**Work request:** Search the records below for the word "korban", then return every line where it appears.

* * *

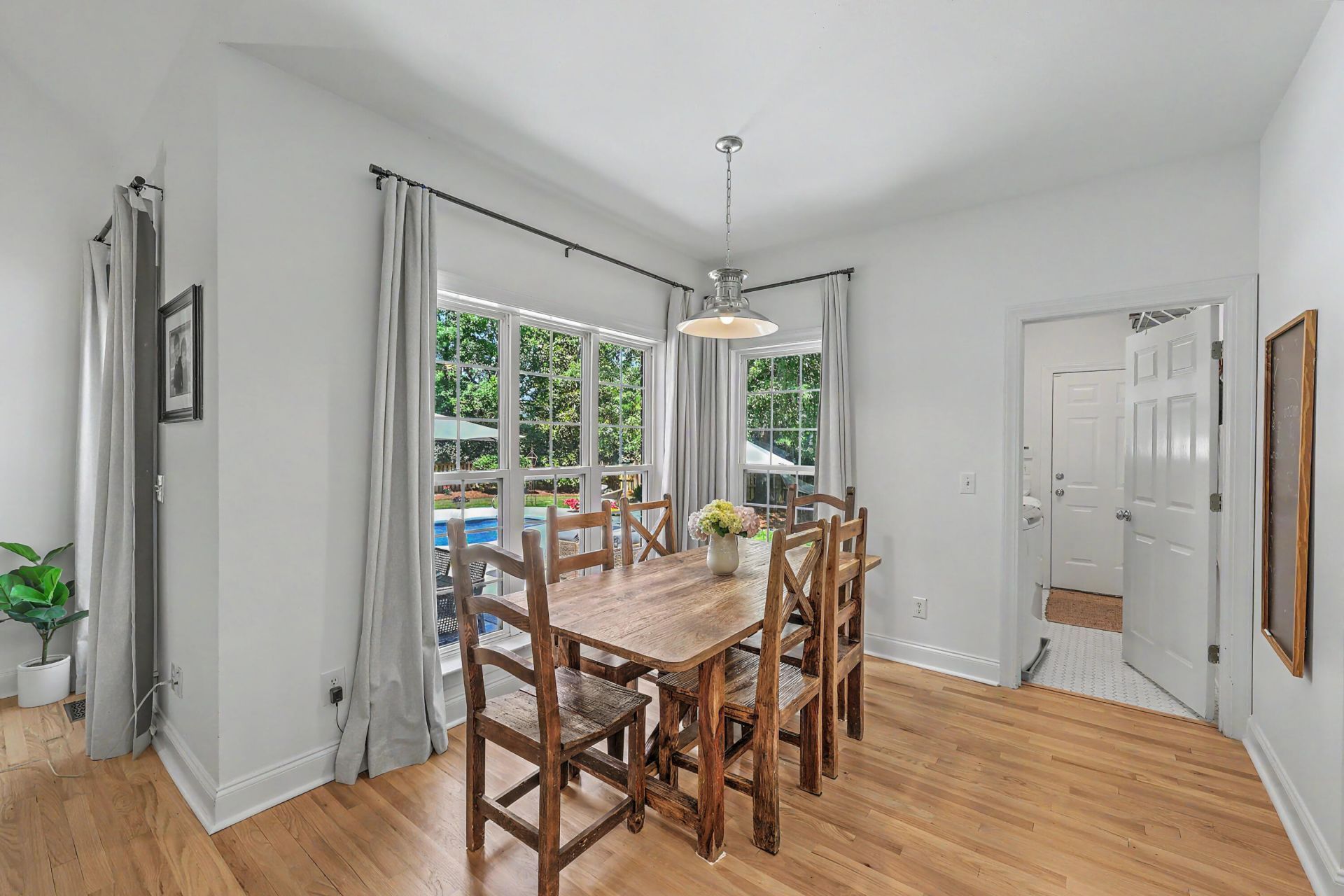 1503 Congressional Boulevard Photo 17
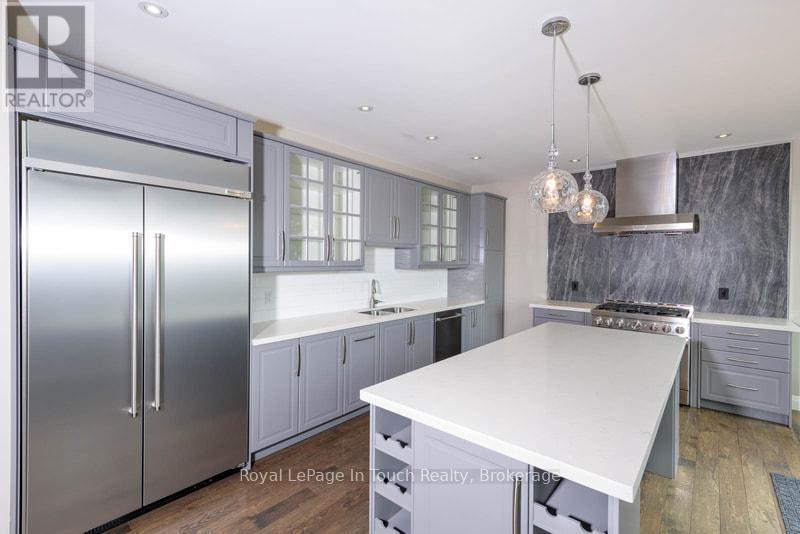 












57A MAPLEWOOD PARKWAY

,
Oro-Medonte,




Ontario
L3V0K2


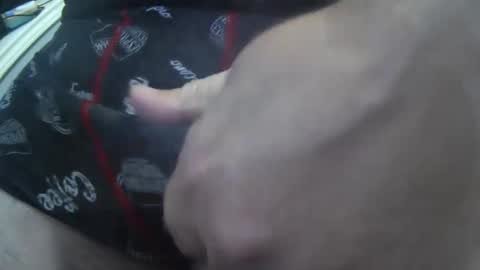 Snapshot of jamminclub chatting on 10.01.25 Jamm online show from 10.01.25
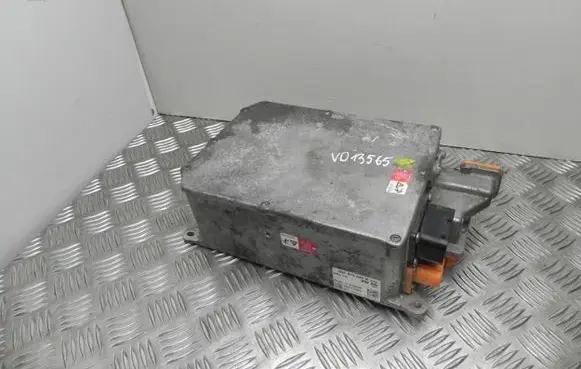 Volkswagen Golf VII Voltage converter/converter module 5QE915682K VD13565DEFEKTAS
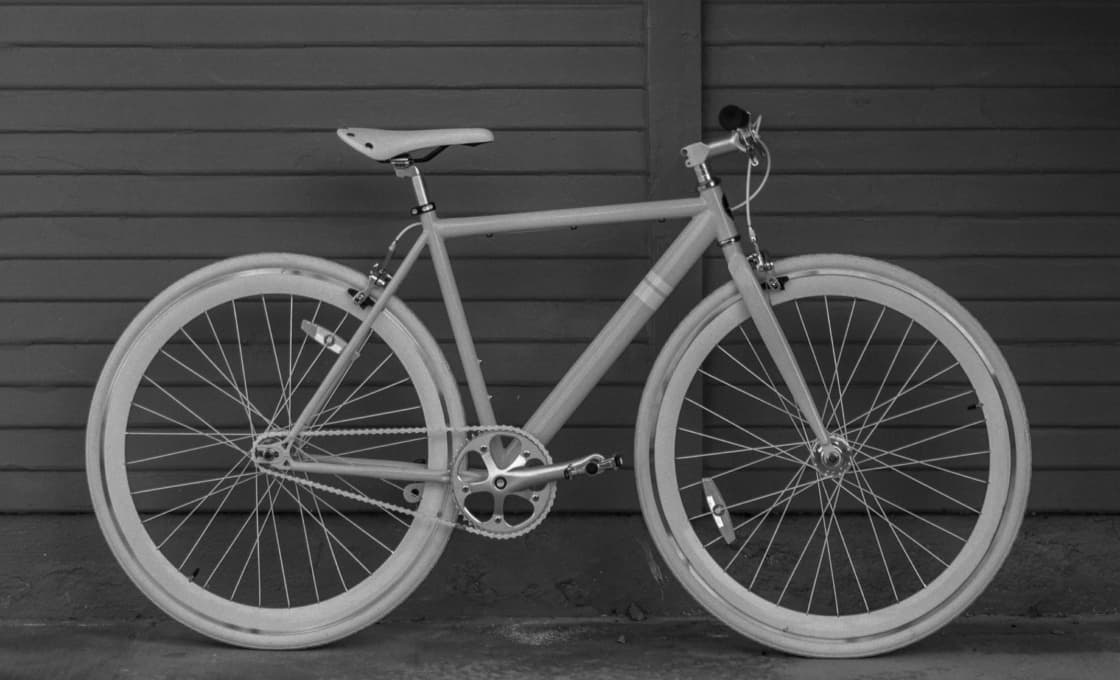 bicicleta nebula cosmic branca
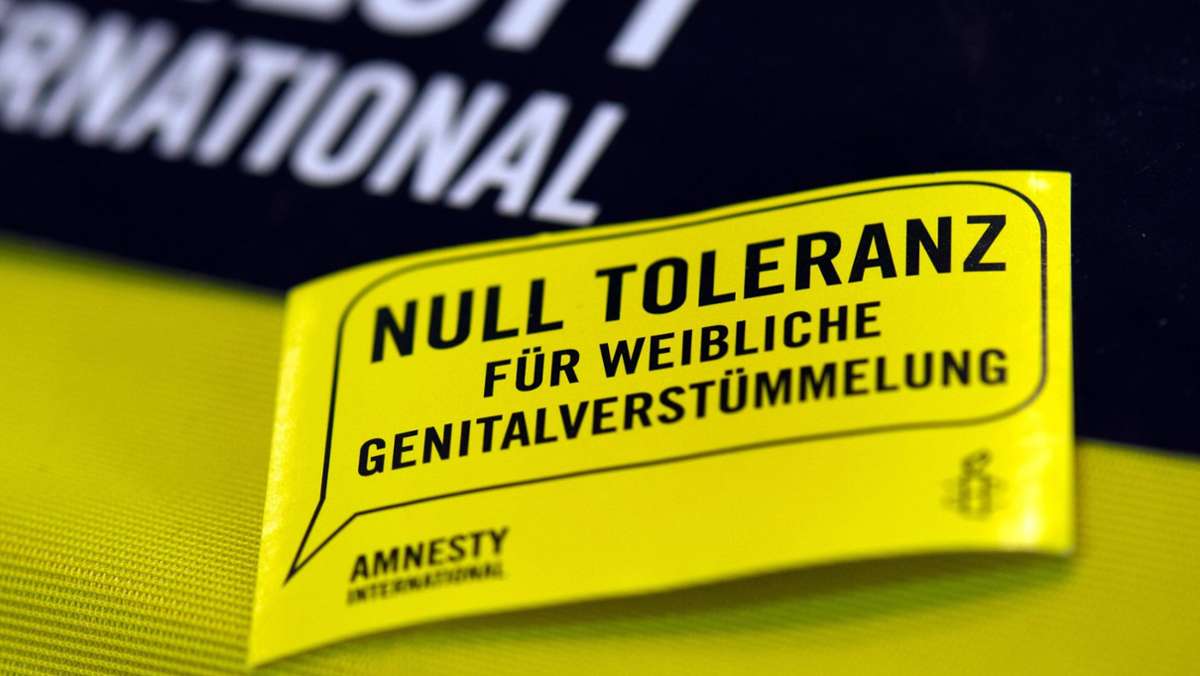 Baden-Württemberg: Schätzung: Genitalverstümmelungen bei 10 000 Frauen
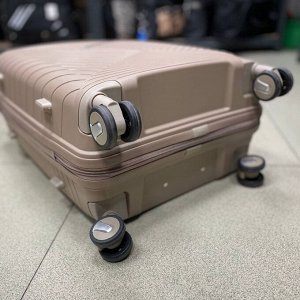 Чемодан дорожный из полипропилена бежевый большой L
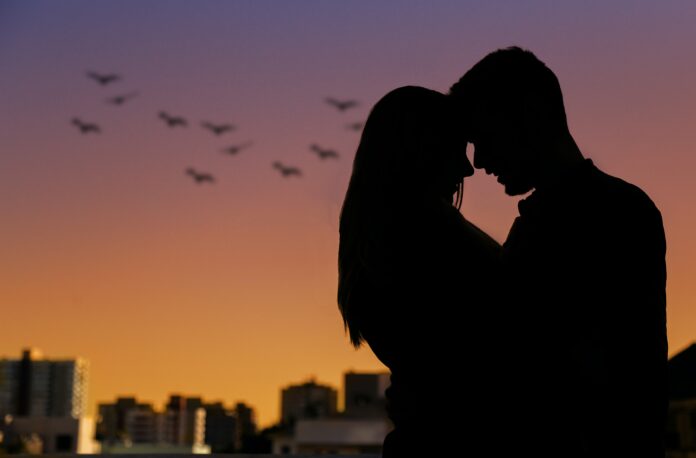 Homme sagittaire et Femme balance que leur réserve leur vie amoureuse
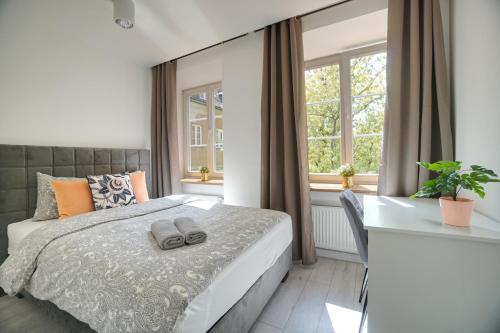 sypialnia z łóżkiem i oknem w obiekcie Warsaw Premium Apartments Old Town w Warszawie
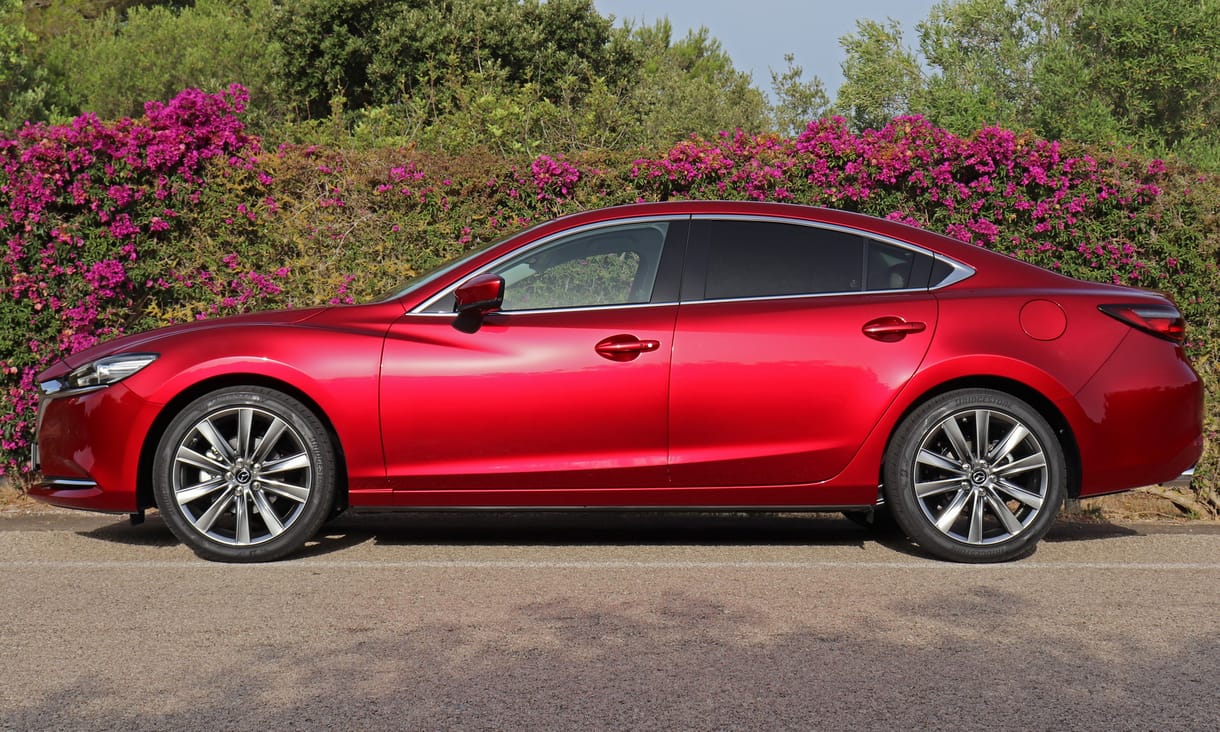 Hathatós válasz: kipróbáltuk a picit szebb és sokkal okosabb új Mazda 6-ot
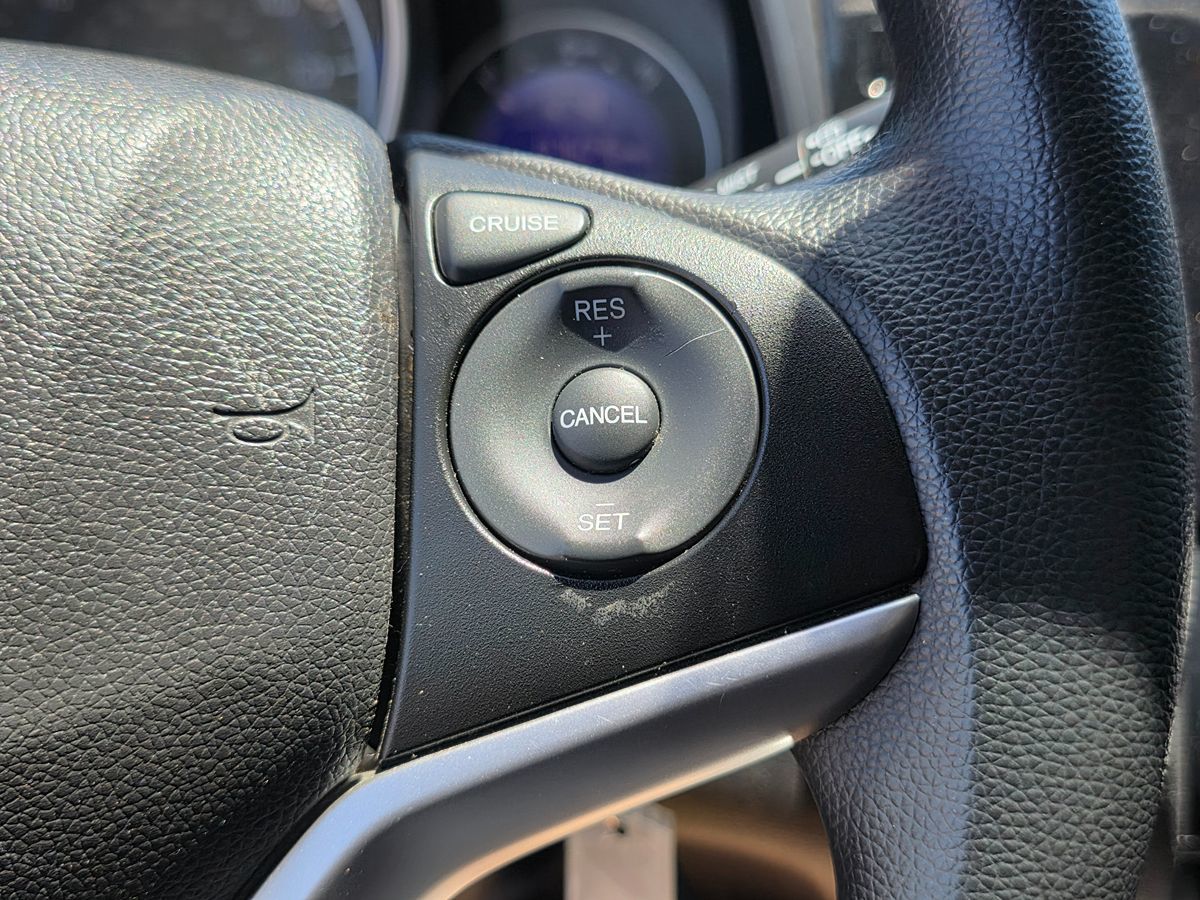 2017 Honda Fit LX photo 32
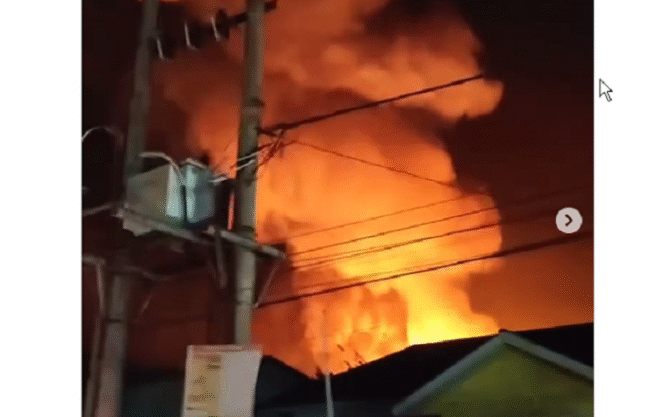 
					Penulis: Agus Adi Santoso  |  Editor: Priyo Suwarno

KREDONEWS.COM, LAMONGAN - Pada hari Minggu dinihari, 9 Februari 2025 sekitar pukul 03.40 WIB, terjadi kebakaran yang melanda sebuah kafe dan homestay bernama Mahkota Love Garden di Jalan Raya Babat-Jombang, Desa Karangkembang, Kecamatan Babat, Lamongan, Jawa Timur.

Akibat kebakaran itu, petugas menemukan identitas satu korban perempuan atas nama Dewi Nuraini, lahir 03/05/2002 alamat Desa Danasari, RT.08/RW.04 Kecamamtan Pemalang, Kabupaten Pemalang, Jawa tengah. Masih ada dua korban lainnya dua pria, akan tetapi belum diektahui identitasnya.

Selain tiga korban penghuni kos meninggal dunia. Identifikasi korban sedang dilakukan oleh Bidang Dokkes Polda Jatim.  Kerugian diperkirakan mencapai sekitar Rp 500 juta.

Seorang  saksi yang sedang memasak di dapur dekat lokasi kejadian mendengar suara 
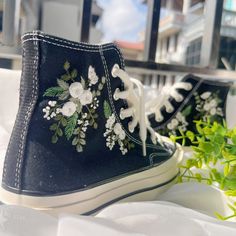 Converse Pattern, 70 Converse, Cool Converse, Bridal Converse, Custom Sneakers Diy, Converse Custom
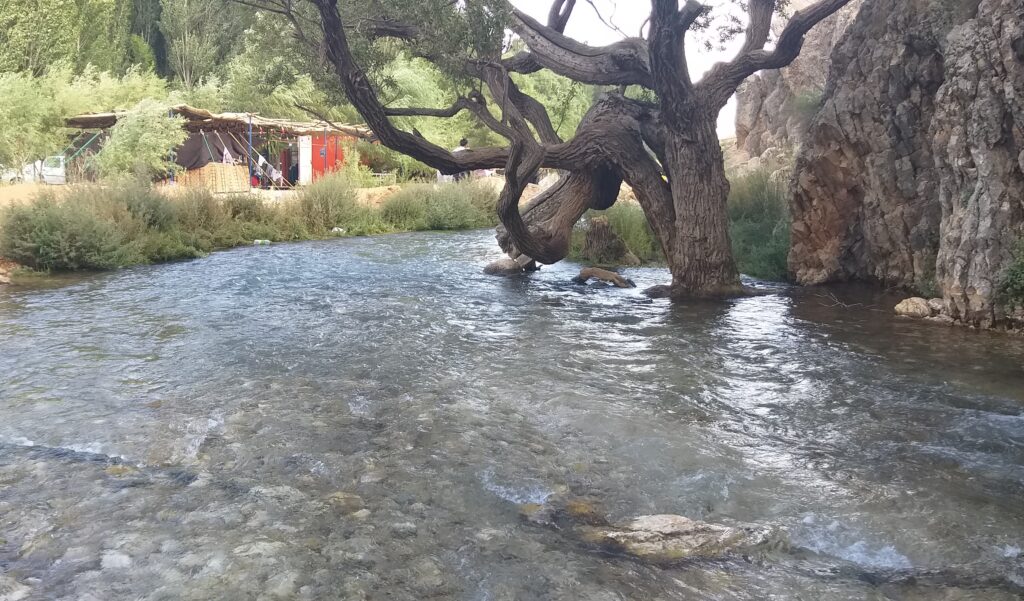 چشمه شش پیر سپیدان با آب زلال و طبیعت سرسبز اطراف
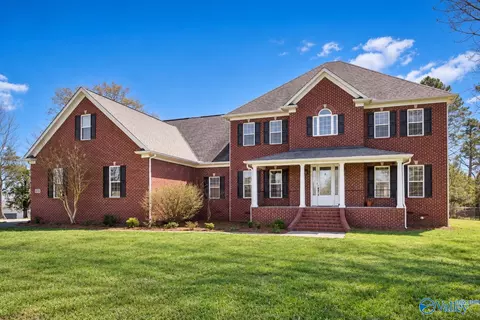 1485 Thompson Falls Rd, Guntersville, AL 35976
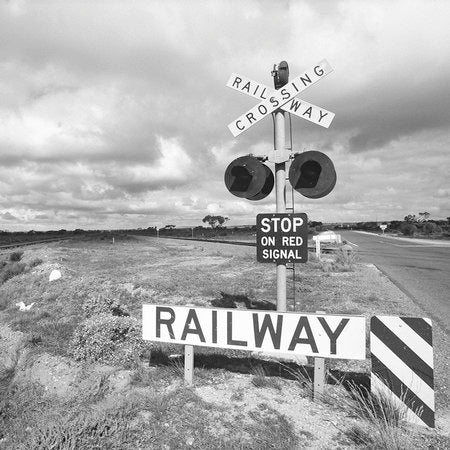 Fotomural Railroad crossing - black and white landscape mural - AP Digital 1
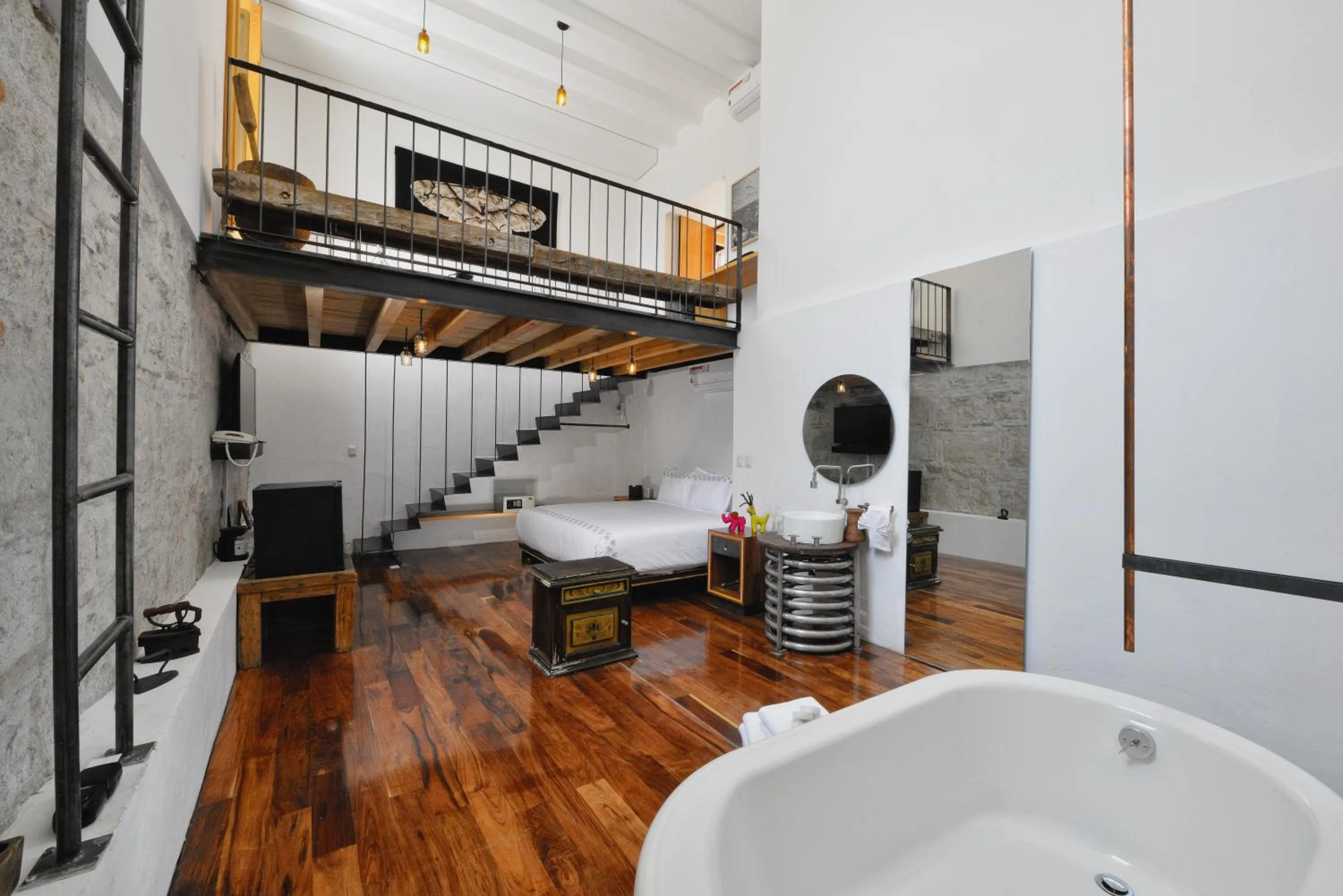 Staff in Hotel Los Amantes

* * *

**Exercise response:**
Akibat kebakaran itu, petugas menemukan identitas satu korban perempuan atas nama Dewi Nuraini, lahir 03/05/2002 alamat Desa Danasari, RT.08/RW.04 Kecamamtan Pemalang, Kabupaten Pemalang, Jawa tengah. Masih ada dua korban lainnya dua pria, akan tetapi belum diektahui identitasnya.
Selain tiga korban penghuni kos meninggal dunia. Identifikasi korban sedang dilakukan oleh Bidang Dokkes Polda Jatim.  Kerugian diperkirakan mencapai sekitar Rp 500 juta.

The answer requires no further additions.